Rediscovering My Drunk Kitchen: Hannah Hart, Her New Book, And Lots Of Laughter

by Claire Filipek

Yesterday I went to Hannah Hart’s book signing at the Housing Works Bookstore on a whim and had my mind blown. I’m honestly still picking up the pieces. 

I first watched Hannah’s Youtube series “My Drunk Kitchen” in 2011, after just moving away from my parents for the first time to start college. I remember feeling so awkward and insecure as I tried to adjust to my new environment and all these new faces and names that all had already become a blur. Still unsure of my footing, I convened in a room with one of my new friends and she started to show me all of her favorite Youtube channels. Suddenly Hannah’s face was on my computer screen and she had me laughing at the fact that she was trying to make a grilled cheese sandwich without any cheese. It was like a light bulb turned on in my head. Instead of beating myself up about not being able to remember someone’s name or getting lost on the worlds smallest campus, all of these moments could be turned into comedy! Hey if you can laugh trying to make a cheese-less grilled cheese then you can laugh at anything. This mindset got me through a lot of my freshman woes. Not because there was a girl getting drunk in her kitchen and “cooking”, but because here was a girl who was being authentically herself and getting others to laugh along with her the whole way.
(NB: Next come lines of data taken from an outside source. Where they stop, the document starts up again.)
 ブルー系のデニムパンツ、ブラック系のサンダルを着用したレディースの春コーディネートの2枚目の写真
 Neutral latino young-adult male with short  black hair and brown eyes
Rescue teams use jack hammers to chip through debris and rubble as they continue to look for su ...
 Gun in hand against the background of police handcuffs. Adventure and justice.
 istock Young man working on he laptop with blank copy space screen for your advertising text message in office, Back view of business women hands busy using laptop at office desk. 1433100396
She shamelessly threw out cringeworthy puns with such gusto that it honestly felt like there wasn’t anything that she couldn’t make funny. 

Fast forward three years later to present day. 
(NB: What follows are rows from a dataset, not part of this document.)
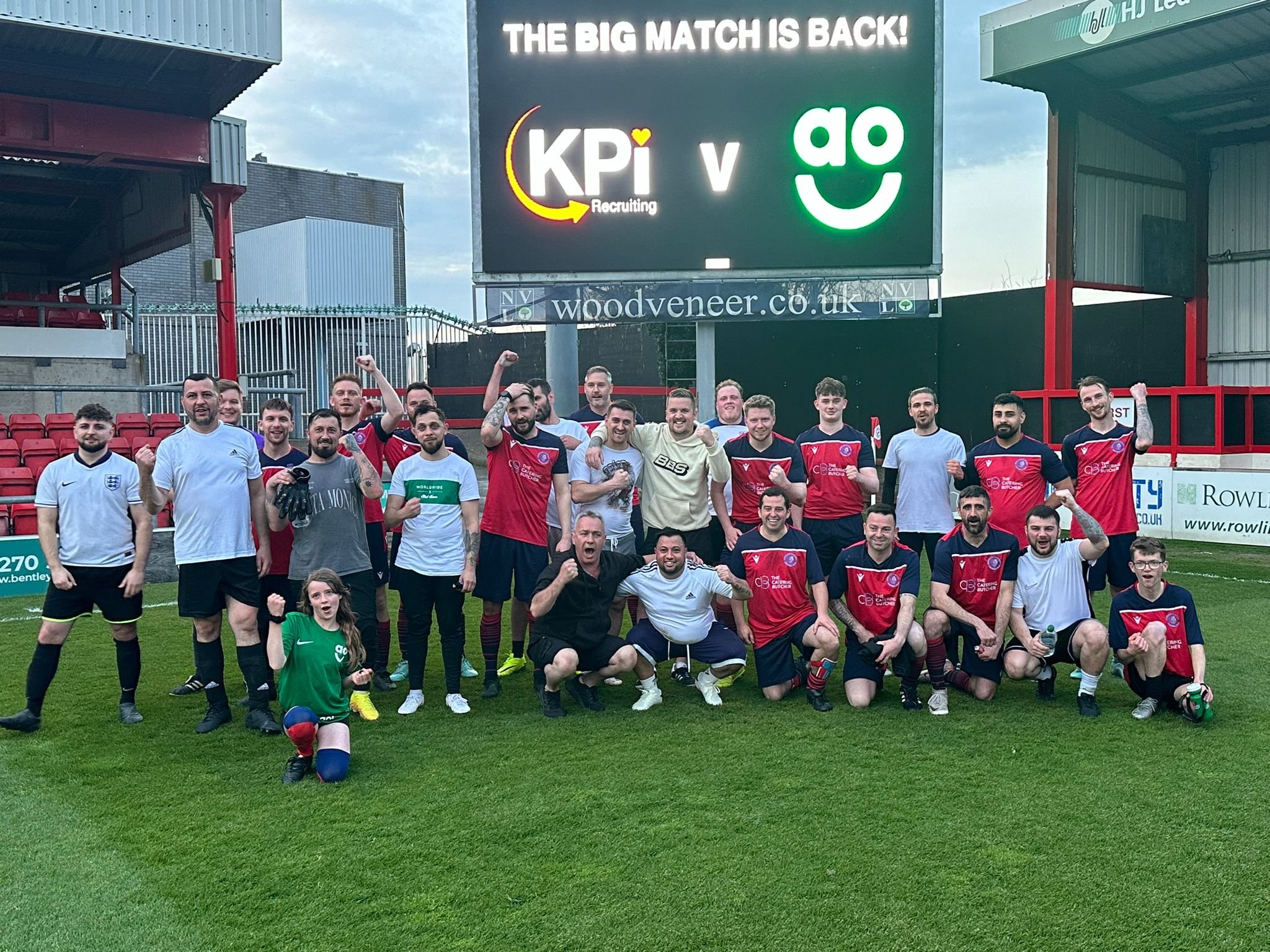 Two football teams posing for a photo on the pitch.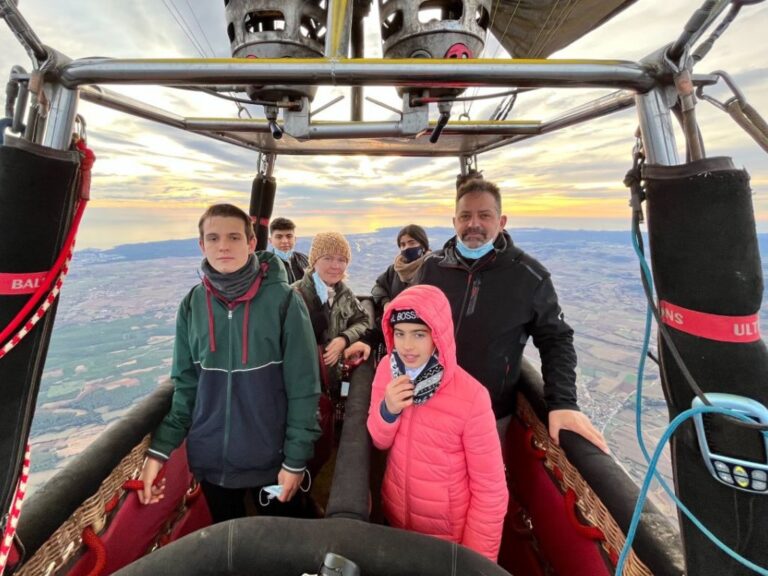 Family enjoying a hot air balloon ride over Empordà.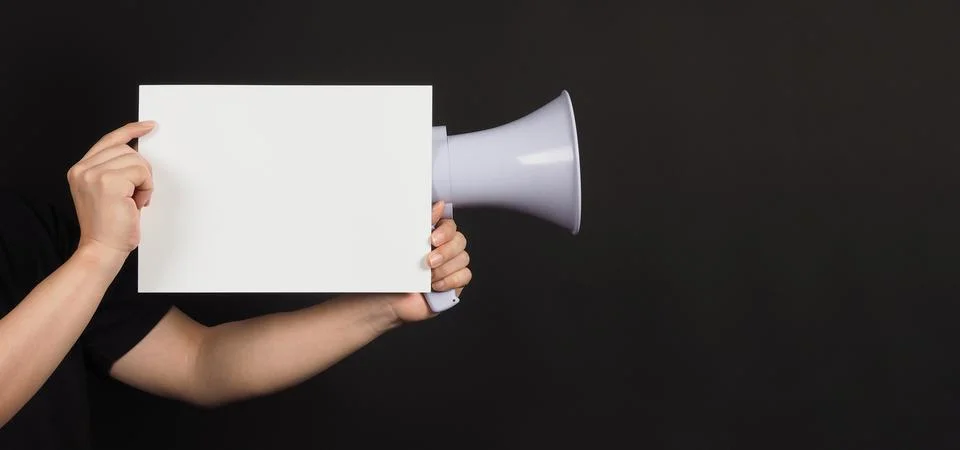 Blank empty paper in man's hand with megaphone on black background. Stock Photos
Hannah just wrote and released her book My Drunk Kitchen: A guide to eating, drinking, and going with your gut. And I found myself unexpectedly at her book reading at the Housing Works Book Store on Crosby Street. I am really thankful that the stars aligned for such an occurrence to happen. Because had I not found myself at that event I might not have been able to rekindle this one-sided relationship I had had with Hannah through the computer screen. I mention this because I had the fortune of talking to other people while waiting in line and this was a familiar feeling. Everyone felt close to Hannah because she had been there making them laugh at their lowest point or telling them it was okay to be different and that it takes a lot of courage to be yourself while always repeating “you are worth it!”  

And it kind of hit me that while I have come a long way in 3 years, so has Hannah. She was like super Hannah sitting up there on the stage behind a mike. Telling a tale of finding success and rolling with it even though she wasn’t sure it would work. And now look at her, with a new book just launched, rocking a new hairstyle, and a level of self-assurance, charisma, and genuine kindness that can’t help but attract a trove of the most loyal followers. 
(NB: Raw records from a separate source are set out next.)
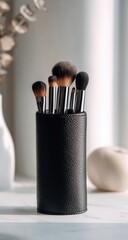 A black cylindrical makeup brush holder containing several brushes of varying sizes and shapes sits on a white surface, with a blurred background featuring a vase and dried plant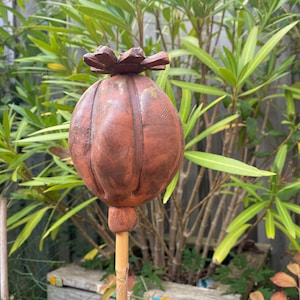 Puede incluir: Una estaca de jardín decorativa con forma de cabeza de semilla de amapola de color óxido. La cabeza de la semilla es redonda con surcos verticales y una parte superior en forma de flor. La estaca es de bambú y está sobre un fondo de follaje verde.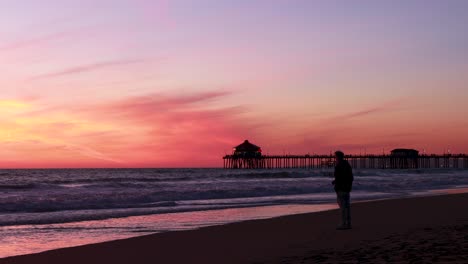 A-man-enjoys-his-vacation-at-the-beach-during-a-gorgeous-red,-purple,-tangerine,-pink-and-blue-sunset-with-the-Huntington-Beach-Pier-in-the-background-at-Surf-City-USA-California
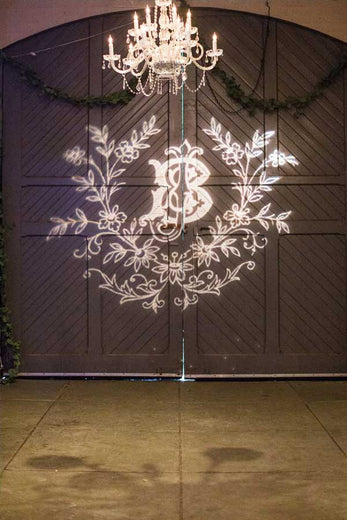 monogram projected with lighting on the doors of wedding reception
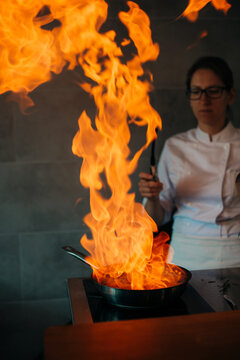 Dramatic flamb&Atilde;&copy; cooking with flames rising from frying pan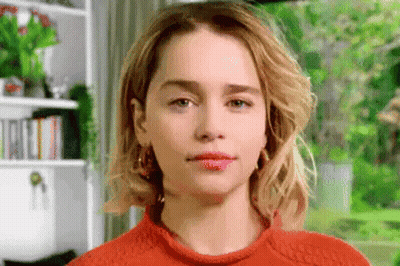 Close Up Woman's Face In Orange Sweater GIF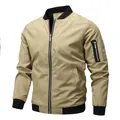 Front view of khaki men's bomber jacket with black ribbed trim and sleeve zipper pocket - M / Tops / Khaki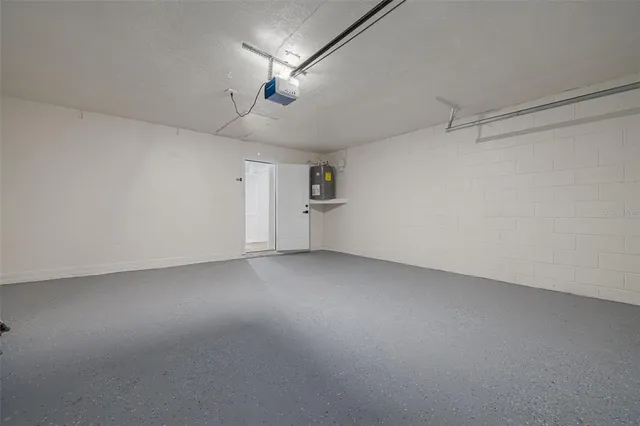 an empty room with a empty space and a ceiling fan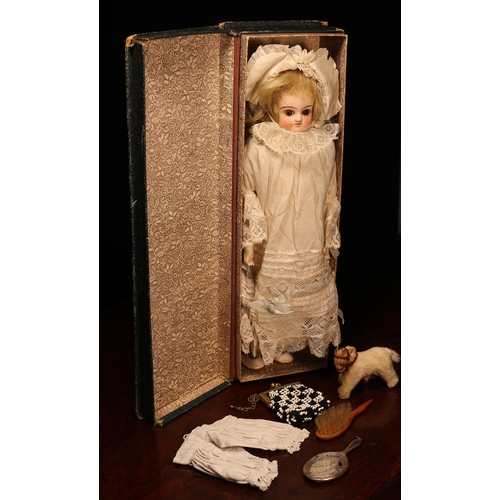 4120 - A bisque shoulder head doll, the bisque shoulder head inset with fixed brown glass eyes, painted fea... 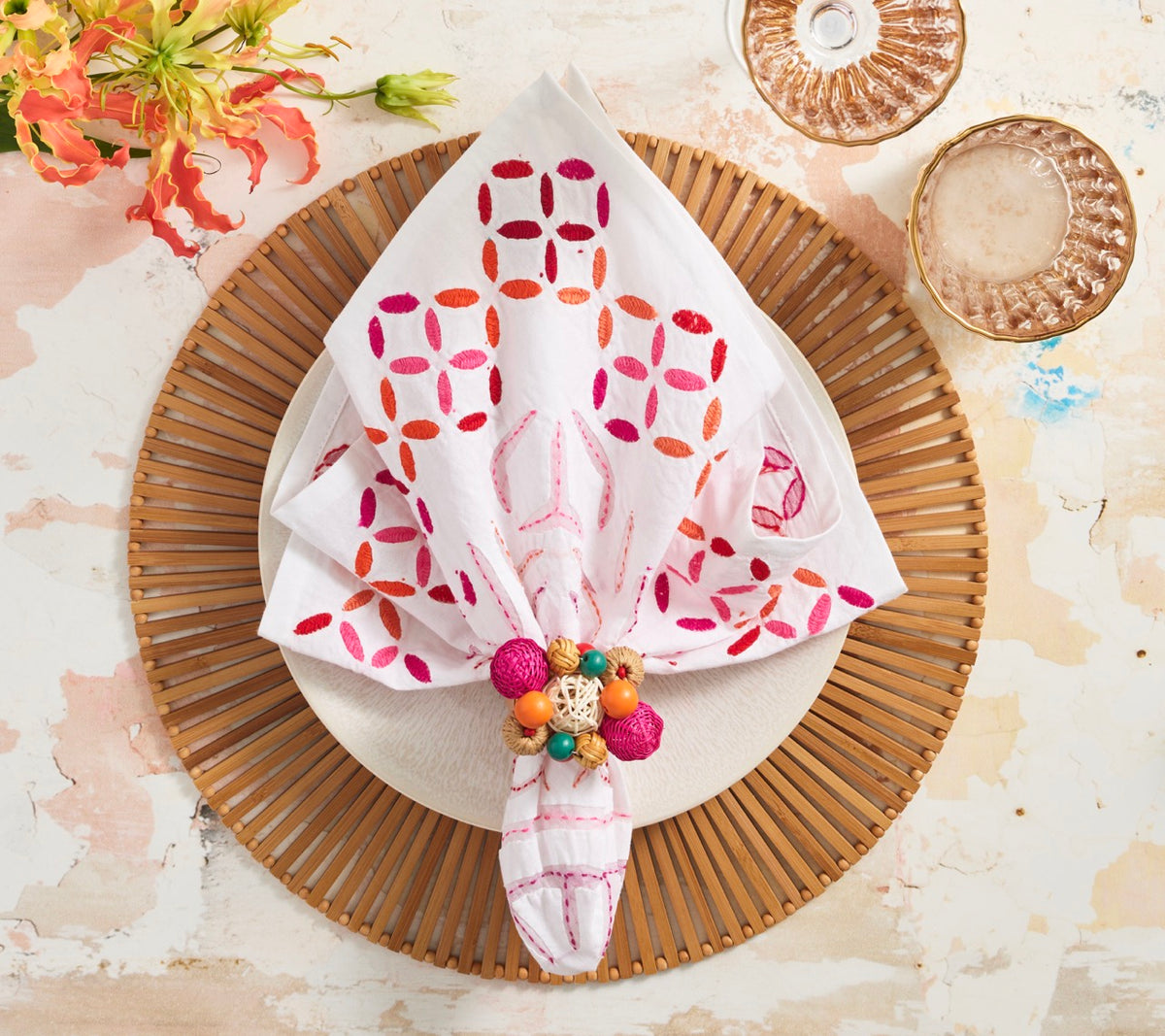 Brown Spoke bamboo placemat displayed beneath a plate with a folded embroidered napkin and colorful napkin ring on a styled table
Her book is broken down, fittingly, into 4 sections: Kitchen Basics, Adultolescense, So This Is Love, and Family And The Holidays. And I just need to quote a section of the Foreword by John Green, yes The John Green, before I get into the second half of this story… and yes there is more! 

“Hannah’s YouTube channel rocketed to popularity not merely because she is punily hilarious and knows how to make a fine drunkin meal, but because like the best food writers, in the process of teaching us how to cook she teaches us how to live.”

The story could have totally ended here, but it didn’t. I decided to wait in line to get my book signed despite the fact that I found myself towards the end of a long snaking line of people all clutching their Drunk Kitchen Bibles. So what do you do in line? Well I don’t know about you but I try to make a line buddy. And to my luck, I met one of the coolest dudes. We got so close to each other that by the time we reached the front of the line we decided we were “line married.” And I proudly called him my line husband. We even found out that we knew someone in common, which was crazy because he was visiting New York from Wisconsin and I have lived in New York my whole life. Anyway this was the coolest thing to us and we could hardly contain ourselves when we reached the front of the line. We talked briefly to Hannah’s publicist, still glowing about our chance encounter with each other. “You should tell Hannah. She’ll get a kick out of it,” she said. 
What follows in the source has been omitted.